Faustin Linyekula—An Intensive

Implied in Crossing the Line Festival’s title are several possible interpretations of the phrase—crossing borders, boundaries of the known, even perhaps going too far. Inviting Congolese choreographer Faustin Linyekula to create a work at the Met Museum was an inspired, if potentially prickly, enterprise on behalf of the museum and the festival. On the one hand, it showed how the relatively stodgy museum has at least one finger on the pulse of work produced by vibrant international artists through its MetLiveArts series, which frequently situates performances within galleries (this took place in the Vélez Blanco Patio, just off the main lobby). On the other, the performance raised pertinent questions about cultural appropriation, awarding value to another country’s heritage, and about the exact nature of the monetary and symbolic capital of an artwork.

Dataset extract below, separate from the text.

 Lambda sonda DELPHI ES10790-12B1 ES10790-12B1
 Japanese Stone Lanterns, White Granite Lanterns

It basically held up a mirror to the Met’s essential culture of acquisition and the subsequent owning and warehousing of artifacts from other nations.

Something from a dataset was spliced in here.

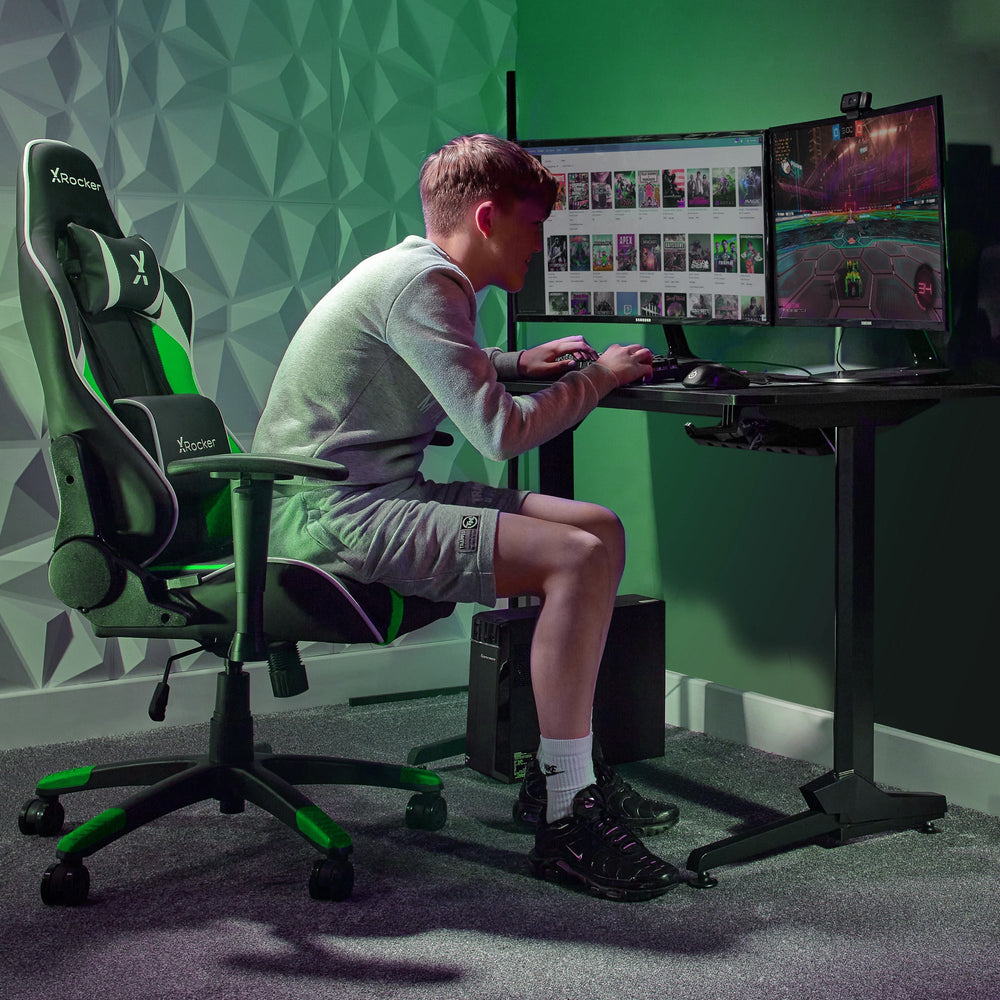 Agility Compact eSports Gaming Bürostuhl für Teenager - Grün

Faustin Linyekula's Banataba at The Metropolitan Musuem of Art. Credit: Stephanie Berger.

All this is a lot to deal with in the roughly fifty minutes comprising Banataba. Moya Michael joined Linyekula in performing on not so much a stage as a rectangle of floor where a couple of sculptures (one covered) are located, and a small platform is awkwardly festooned with a black skirt. They pass a burlap bundle back and forth, its contents eerily resembling the silhouette of a child’s body. In fact, the object is a set of wooden parts with which to construct a symbolic human statue. In a compelling anecdote, Linyekula tells of wanting to have a Congo-based artist craft a sculpture to be added to the Met’s collection, only to be told that it would be nearly impossible as there are a lot of steps involved in acquisitions. Instead, it was suggested, why not call it a theatrical prop? Linyekula winds up referring to this little man, the symbolic crux of his piece which became emotionally powerful as the performance went on, as “just a piece of wood.” It was a poignant critique of the often arbitrary (and hegemonic) value system of art in our society.

Metropolitan Museum Of Art
Crossing the Line Festival
September 9, 2017
New York

Nyu Skirball
SUR LES TRACES DE DINOZORD (IN SEARCH OF DINOZORD)
September 22 – September 23, 2017
New York

Between anecdotes, the two meander about the space in Linyekula’s slinky, hip-swaying saunter, or bounce their arms off of their thighs, their strikes gaining in power and speed, eventually drumming their chests as if to draw attention to their building sense of individuality, or perhaps a collective national identity. The two shed their black cloth cloaks, and he removes his top in to emphasize his tough, sinewy body. While the close proximity to the audience at times broke an optimal state of transcendence on the part of the performers, both dancers’ focus served mainly to rise above the artificiality of the setting of the Met gallery.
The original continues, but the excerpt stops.